Cory Higgins – CSKA Moscow
Oynadığı maç: 18
Takım derecesi: 15-5
PIR: 242 / 13.4
Sayı: 264 / 14.7
Hücum silahlarından bahsederken Higgins akla gelmezse olmaz: Rakip savunmadaki en küçük zayıf noktalara kadar tespit ediyor ve hemen faydalanıyor. CSKA‘ya kritik anlarda skor sağlıyor, ister kenardan gelsin ister parkede olsun. Bu sezon iki maç hariç tüm karşılaşmalarında çift hanelere çıktı. Clyburn’le birlikte bütün rakipler karşısında kusursuz ikiliyi oluşturuyorlar. Zaman zaman onun De Colo’nun arkasında kenardan gelmesi gerekse de.
Oynadığı maç: 20
Takım derecesi: 13-7
PIR: 241 / 12.2
Sayı: 165 / 8.3
Anadolu Efes bu sezonun EuroLeague’de çıkış yapan ekibi, kadro ve oyun kaliteleriyle sıralamalarının üstüne tutundular, playoff’u garantilemeye yakınlar. Dunston‘ın istikrarlı katkısı son yıllarda hep iniş çıkışlar yaşamış bir ekipte çok kıymetli. Onun gibi bir pota koruyucu varken karşısına çıkan her takım boyalı alanı geçmekte zorlanıyor. Öncelikle bir savunmacı olduğunu herkes biliyor ve en önemlisi Efes ona her maç uzmanlığını göstereceği konusunda güvenebiliyor.

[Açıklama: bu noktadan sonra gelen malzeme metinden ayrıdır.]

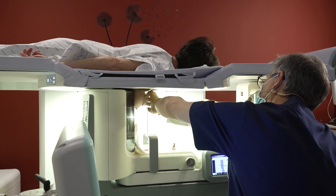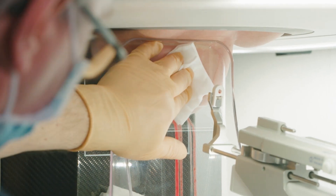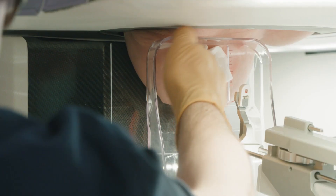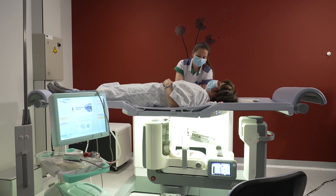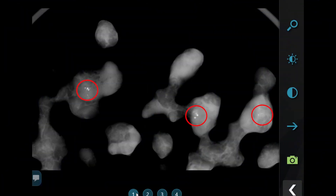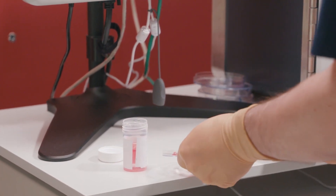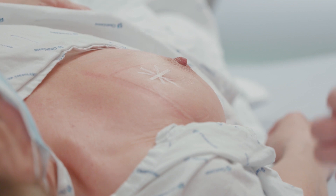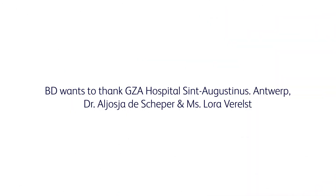To minimize migration, both the probe and tissue marker applicator are removed from the breast as one unit. The breast is locally compressed immediately. We release the pressure of the breast; it is important to maintain pressure while the patient is moving. The nurse holds pressure on the biopsy site for five more minutes. To facilitate the work of the pathologist, we separate the samples with microcalcifications. Wound closure strips are used on the breast incision site. Some final information and instructions are given to the patient.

Johnny O’Bryant – Maccabi FOX Tel Aviv
Oynadığı maç: 20
Takım derecesi: 9-11
PIR: 207 / 10.3
Sayı: 219 / 10.9
Maccabi‘nin artık playoff şansının çok azaldığını düşündüğümüz anda Giannis Sfairopoulos’un rehberliğinde geri döndüler. Tıpkı O’Bryant gibi. Takımın lideri olarak çıkışını yapan Amerikalı bir maçta EuroLeague çaylağı olmasına rağmen 44 verimlilik puanı yaptı. O maçtan itibaren gerçek bir skorer gibi öne çıktı.
Zach LeDay – Olympiacos Piraeus
Oynadığı maç: 20
Takım derecesi: 12-8
PIR: 238 / 11.9
Sayı: 207 / 10.4
Olympiakos’un EuroLeague çaylağı, NCAA’den gerçek bir skorer namıyla getirildi ve böyle parlamayı da başardı. Koç David Blatt’in oyun planlarında kritik bir yere sahip isim, bu güvenin karşılığında beklentileri aştı. Kırmızılar bu sezon inip çıksa da o sürekli potaya saldırdı. 4 numara olarak Avrupa’nın zirvesinde başarılı olabileceğini gösterdi. Sadece savunmada istikrarı yakalamalı. Çünkü hücumda bitiricilik konusunda zaten ondan iyisi yok.